26 janeiro 2014

REFLEXÕES ESCRUTINADAS SOBRE A ACTUAL REPRESENTATIVIDADE DOS PARTIDOS POLÍTICOS

Pedro Passos Coelho foi Sábado à noite reeleito presidente do PSD “com 15.524 votos, quando faltavam apurar 32 secções", o que representaria "cerca de 88 por cento dos votos”, de um universo de 46.430 eleitores, em que votaram 17.662 (militantes) sociais-democratas. (da comunicação social)

Recorde-se, para comparação, que nas últimas eleições legislativas, o cabeça de lista do Partido pelos Animais e pela Natureza (PAN) pelo círculo de Lisboa, Paulo Alexandre Esteves Borges, não conseguiu ser eleito deputado, mesmo que a lista que encabeçava tivesse recebido então 16.913 votos. Donde se conclui que a votação nacional agora averbada ao primeiro-ministro nas eleições internas do seu partido não lhe asseguraria sequer, num contexto de eleições legislativas, um lugar no parlamento¹.

Embora se possa sempre alegar que as duas votações não são de natureza escrupulosamente semelhante, a conclusão que se pode extrair destes números é, como se escrevia no título de um artigo de opinião saído há cerca de um ano no Público, que Mais de 99% dos portugueses nunca votaram nas eleições para escolha dos candidatos a primeiro-ministro (directas do PS ou PSD). A maioria provavelmente não quererá, mas mesmo quem o queira não pode, a não ser que se disponha a filiar num daqueles partidos.

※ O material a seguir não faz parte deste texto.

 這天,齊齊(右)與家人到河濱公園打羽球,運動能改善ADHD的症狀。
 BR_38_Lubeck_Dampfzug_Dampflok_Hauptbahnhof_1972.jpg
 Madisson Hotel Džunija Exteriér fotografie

Uma das formas como se procura condicionar o debate sobre este tema da representatividade das nossas organizações políticas é começar por estabelecer quase em jeito de axioma aquele estafado lugar-comum que diz os partidos políticos são indispensáveis para a democracia. A montante de qualquer debate sério sobre o seu conteúdo esta frase tem a virtude (para os que defendem este status quo) de conseguir deslocar de antemão o cerne do problema, confundindo e associando sem distinção os meios (os partidos) e os fins (a Democracia).

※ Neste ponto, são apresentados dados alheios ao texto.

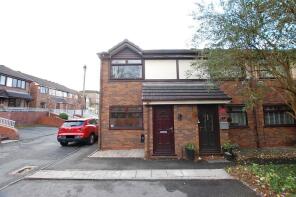 7, Lyndhurst View, Dukinfield SK16 4XL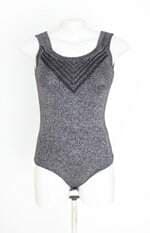 body feminino cinza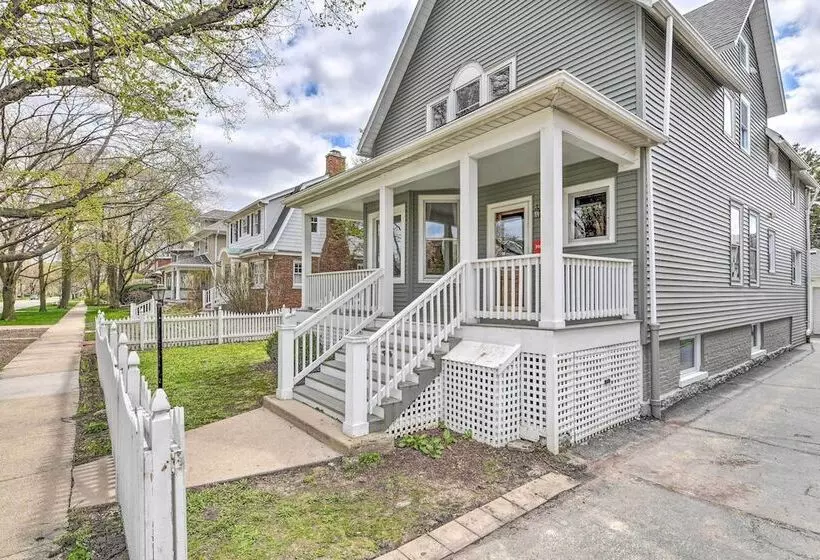 Oak Park Home W/ Fire Pit   5 Mi To Garfield Park!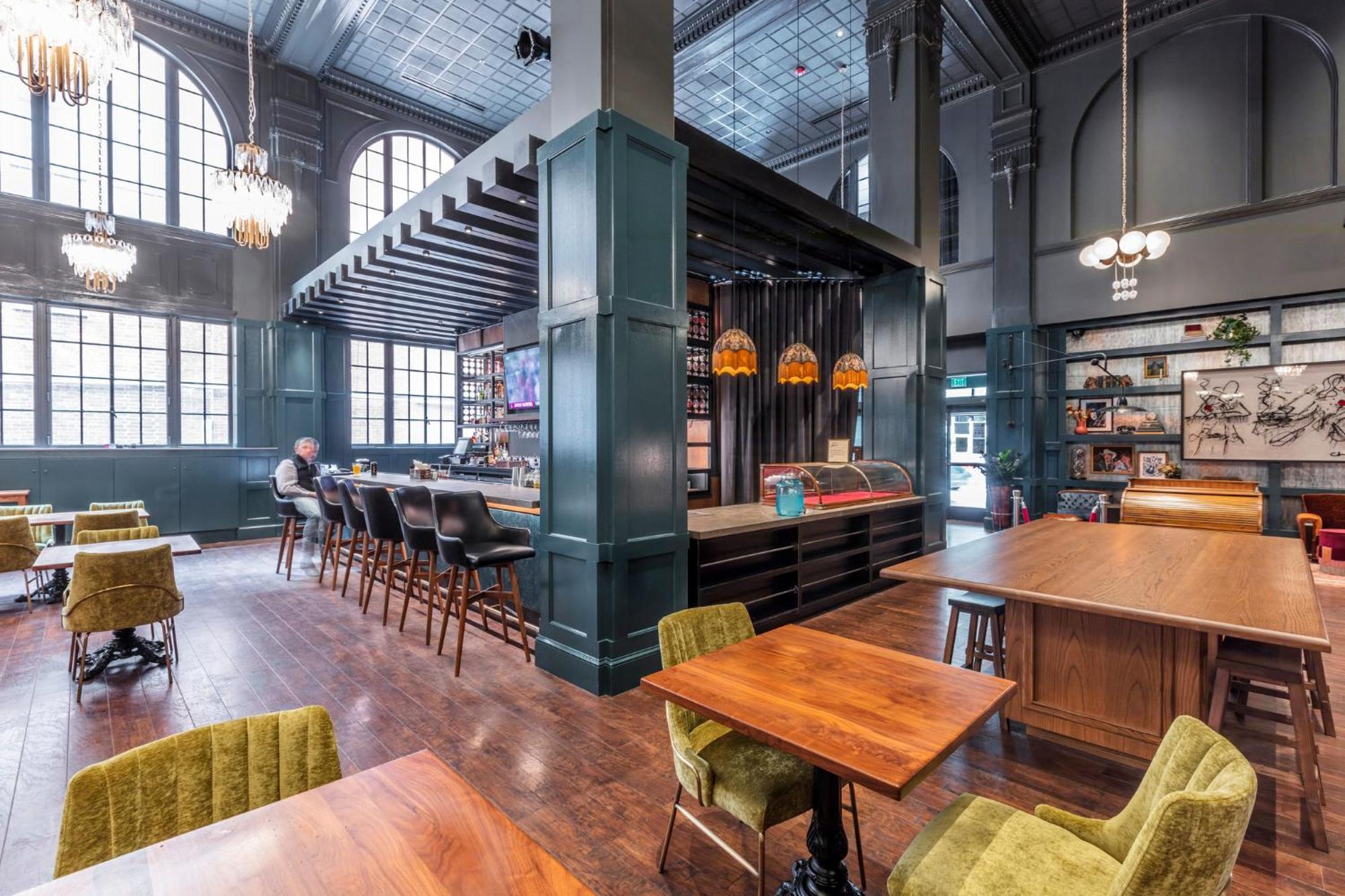 The Countrypolitan - Indigo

Essa confusão parece patente na hierarquia das duas soluções apresentadas pelo artigo de opinião mencionado acima: 1) A entrada da sociedade civil nos nossos principais partidos, como militantes de pleno direito para votarem e se candidatarem nas suas eleições internas; 2) Abrir as eleições directas partidárias para escolha da liderança a todos os simpatizantes e eleitores do partido (…). Como Maomé e a montanha, com a primeira solução visivelmente esgotada e a montanha inamovível, terá que ser Maomé e os partidos a mexerem-se, abrindo as suas eleições internas.

Vale a pena perceber e comparar o que pode ser o envolvimento popular nesses processos de eleições partidárias internas abertas, um processo que já foi adoptado, por exemplo, pelo Partido Socialista Francês nas últimas eleições presidenciais, mas de que os grandes pioneiros terão sido os norte-americanos, quando se inaugurou a tradição (que, saliente-se, ainda não tem 50 anos…) de realizar eleições primárias entre os activistas e os simpatizantes para a selecção do candidato presidencial.

Numas eleições primárias disputadas, como foram as de 2008, o total de eleitores envolvidos pôde atingir 19,1 milhões entre os democratas (mais 13,1 entre os republicanos), o que será o equivalente a 6% (e 4%) de toda a população norte-americana. Também os 2,9 milhões de participantes nas primárias francesas de Outubro de 2011 dão-nos uma taxa de participação próxima quando comparada com a população: 4,5%. Mas não será justo comparar eleições disputadas como estas foram com reconduções de desfecho previsível.

Tanto como a reeleição de Pedro Passos Coelho, também as primárias democratas de 2012 foram um passeio para o presidente Barack Obama. Dá-se até a coincidência de, em votação popular, os 89% dos votos recolhidos por Obama no final se aproximarem dos 88% de Passos Coelho. A diferença é que, mesmo em eleições tépidas, a recandidatura presidencial de Barack Obama foi legitimada por mais de 6 milhões de votos populares (2% da população) o que em Portugal corresponderia a uns 200 mil votos…e Passos Coelho recebeu um pouco mais de 15 mil.

¹ Os 23.903 votos averbados, por sua vez, a António José Seguro nas eleições internas do PS em 2011 assegurar-lhe-iam esse lugar e só esse, o que me faz supor que o panorama possa não se apresentar substancialmente melhor apesar disso, para quem se propõe liderar bancadas parlamentares constituídas por uma centena de deputados.